2.2. Loading PyTorch and GPyTorch for GPR Learning#

Now we will install GPyTorch.

%pip install gpytorch --quiet

import torch
import gpytorch

Note: you may need to restart the kernel to use updated packages.

2.3. Defining a GPR Model for Energy Prediction#

First, we will learn how to use a GPR model to predict energies only.

Let us define the variables in our function using a vector of input features with \(D\) observables as \(\textbf{x}=[x_1,...,x_D]\). A set of \(n\) configurations can be assembled into a training set \(\textbf{X}=[\textbf{x}_1, ...,\textbf{x}_n]\) with a corresponding set of observations \(\textbf{y}=[y_1,...,y_n]^T\).

For noisy samples, we can assume that an observation \(y\) is seperate from the underlying function \(f(\textbf{x})\) according to \(y(\textbf{x})=f(\textbf{x})+\mathit{ε}\), where the noise, \(\mathit{ε}\), follows a Gaussian distribution \(\mathit{ε}\sim\mathcal{N}(0,σ^2_n)\), where \(\sigma^2_n\) is the noise parameter. The prior distribution of underlying functions follows a Gaussian distribution \(\textbf{f}(\textbf{X})\sim\mathcal{N}(\textbf{0}, \textbf{K}(\textbf{X},\textbf{X}))\), where \(\textbf{0}\) is the mean function and \(\textbf{K}\) is the covariance kernel matrix. The covariance kernel matrix is assembled based on a kernel function, \(k\), that measures the simularities between input vectors:

\(\textbf{K(X,X)}= \begin{bmatrix} k(\textbf{x}_1,\textbf{x}_1) & \ldots & k(\textbf{x}_1,\textbf{x}_n)\\ \vdots & \ddots & \vdots\\ k(\textbf{x}_n,\textbf{x}_1) & \ldots & k(\textbf{x}_n,\textbf{x}_n)\\ \end{bmatrix}\)

Here we used the radial basis function:

\({k}(\textbf{x}_a,\textbf{x}_b)=\sigma^2_f\mathrm{exp}(-\frac{||\textbf{x}_a-\textbf{x}_b||^2}{2l^2})\)

where \(\sigma^2_f\) is the vertical variation parameter, and \(l\) is the length parameter.
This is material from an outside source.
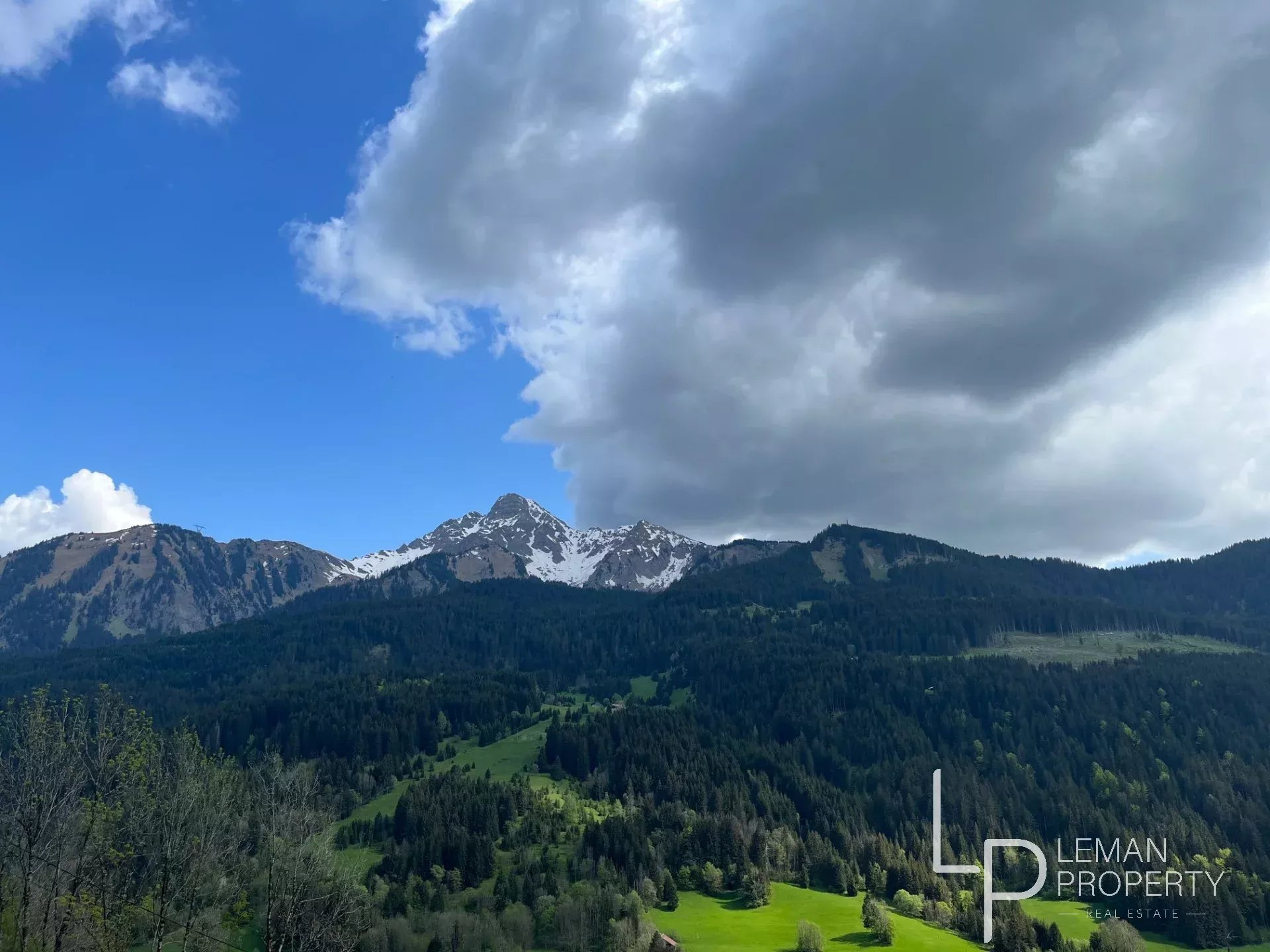 Vente de Terrain à Abondance au prix de 295000€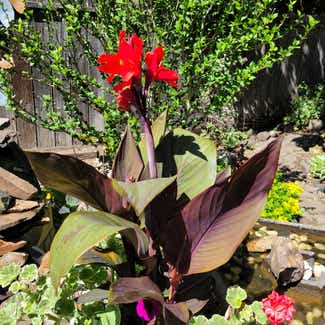 Tropicanna Canna Lily plant in Eugene, Oregon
# Setup GPR Model: Taken directly From gpytorch tutorial with minor changes
class ExactGPModel(gpytorch.models.ExactGP):
    def __init__(self, train_x, train_y, likelihood):
        super().__init__(train_x, train_y, likelihood)
        self.mean_module = gpytorch.means.ZeroMean()
        self.covar_module = gpytorch.kernels.ScaleKernel(gpytorch.kernels.RBFKernel())

    def forward(self, x):
        mean_x = self.mean_module(x)
        covar_x = self.covar_module(x)
        return gpytorch.distributions.MultivariateNormal(mean_x, covar_x)


# turn NumPy arrays into PyTorch tensors
X_gpr = torch.from_numpy(np.column_stack((X_train, Y_train)))
Z_gpr = torch.from_numpy(Z_train)
#Z_gpr is an array of output values (observations) from the Mueller-Brown potential energy function

# Initialize Likelihood and Model
likelihood = gpytorch.likelihoods.GaussianLikelihood()
model = ExactGPModel(X_gpr, Z_gpr, likelihood)

2.3.1. GPR Hyperparameters#

With the noise hyperparameter \(\sigma^2_n\), vertical variation parameter \(\sigma^2_f\), and the length scale parameter \(l\), we can define

\(\tilde{\textbf{K}}=\textbf{K}(\textbf{X},\textbf{X})+σ^2_n\textbf{I}\)

with \(\textbf{I}\) being the identity matrix. The set of hyperparameters \(\Theta = \{σ^2_f, l, \sigma^2_n\}\) are optimized by maximizing the marginal likelihood log function:

\(\mathrm{log}\:p(\textbf{y}|\textbf{X},\textbf{Θ})=-\frac{1}{2}\textbf{y}^\mathrm{T}\tilde{\textbf{K}}^{-1}\textbf{y}-\frac{1}{2}\mathrm{log}\:|\tilde{\textbf{K}}|-\frac{n}{2}\mathrm{log}\:2\pi\)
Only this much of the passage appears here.